AWS launches Kinesis Analytics for analyzing real-time streaming data

Amazon’s AWS cloud computing platform today launched Kinesis Analytics, a new service that makes it easier to analyze real-time streaming data with the help of standard SQL queries. Kinesis Analytics builds on AWS’s Kinesis real-time streaming data platform, which enables developers to ingest streaming data and use it in their applications.

With Kinesis Analytics, developers can immediately make the incoming data useful by running these continuous SQL queries to filter and manipulate it as it arrives.

As AWS chief evangelist Jeff Barr writes today, a regular database query looks at data that is basically static. ” Running a Kinesis Analytics query against streaming data turns this model sideways,” he writes. “The queries are long-running and the data changes many times per second as new records, observations, or log entries arrive. Once you wrap your head around this, you will see that the query processing model is very easy to understand: You build persistent queries that process records as they arrive.”

Even though the focus of Kinesis Analytics is on working with real-time data, sometimes you do actually want to have a little delay and analyze batches of data once they have arrived so you can more easily spot trends in the aggregated data, for example. For those use cases, Kinesis Analytics allows you to set “windows.” These come in three flavors: tumbling windows for periodic reports, sliding windows for monitoring and trend detection, and — if those two don’t work for you — custom windows for groupings that aren’t necessarily based on time but maybe on use interactions with an app.

Kinesis Analytics is yet another AWS project that focuses on serverless processing (similar to AWS Lambda). Standard use cases for this service include IoT applications, but also audience tracking systems, ad exchanges and real-time log analytics. And because it’s all done in SQL, you don’t need to install yet another SDK or learn a new language to use it.

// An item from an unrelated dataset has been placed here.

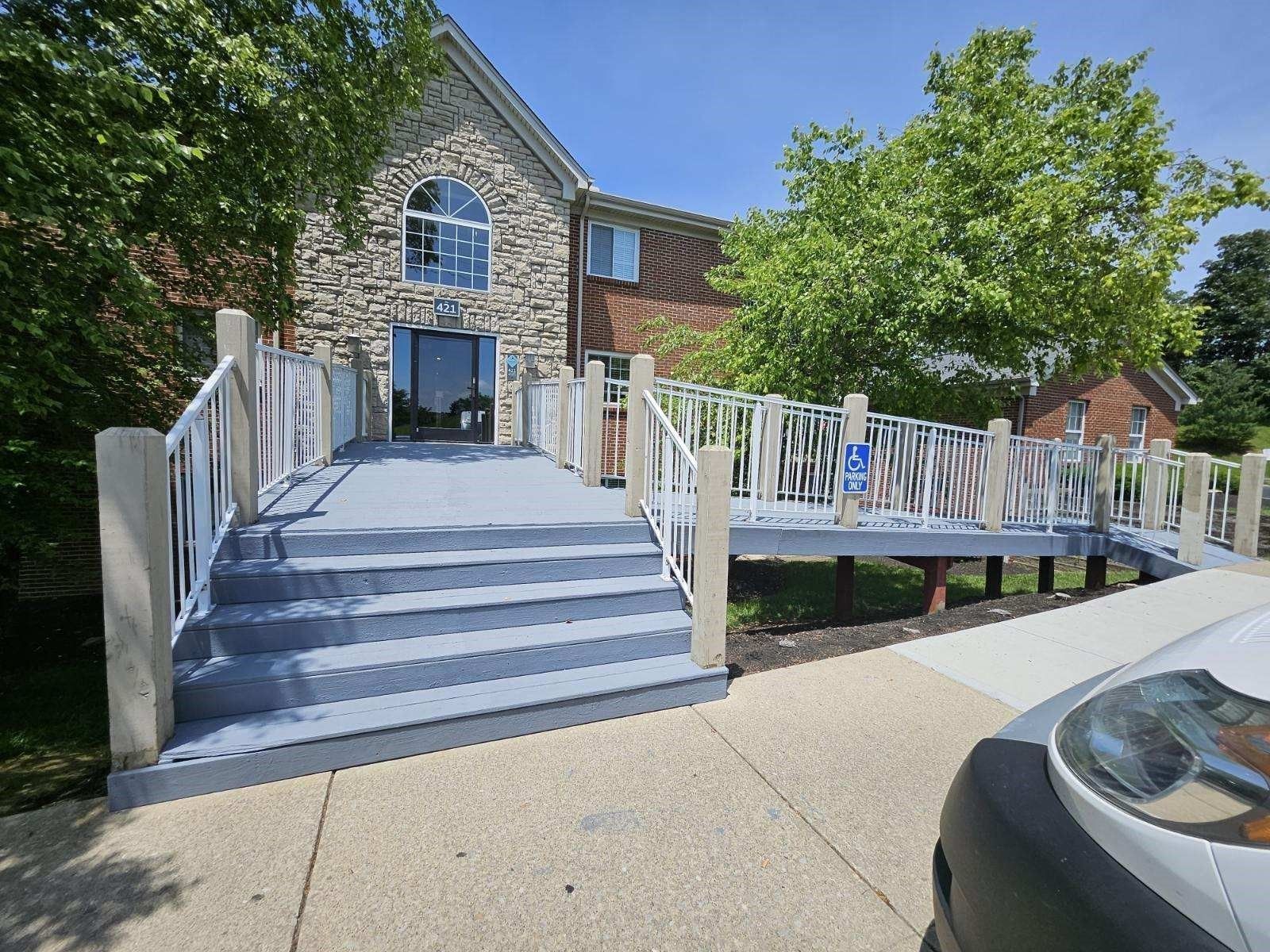 Exterior view of building with a ramp and steps leading to the entrance; blue steps and deck, light gray railings.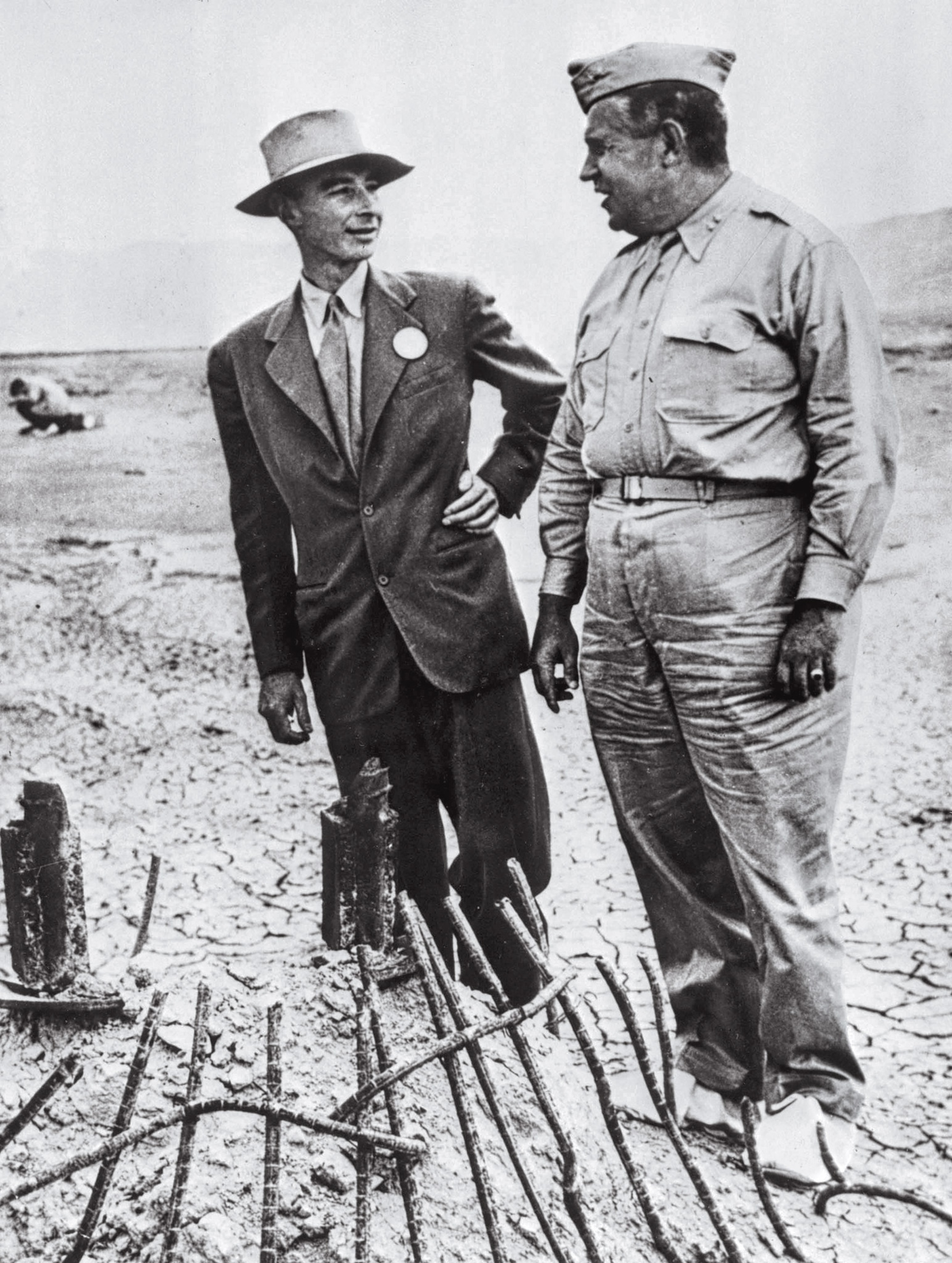 Two man stand next to each other having a discussion.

The service is available in Amazon’s EU (Ireland), US East (N. Virginia) and US West (Oregon) regions. Pricing is based on how many processing units you need. Each unit, which is the equivalent to a virtual machine with a single virtual core and 4 GB of memory, currently costs $0.11/hour in the US regions and $0.12 in Amazon’s Irish data center. Those prices can change, though, if you occasionally need to process bursts of additional data, for example. The default pricing assumes an ingestion rate of about 1,000 records/second, but the service can automatically scale up and down as needed.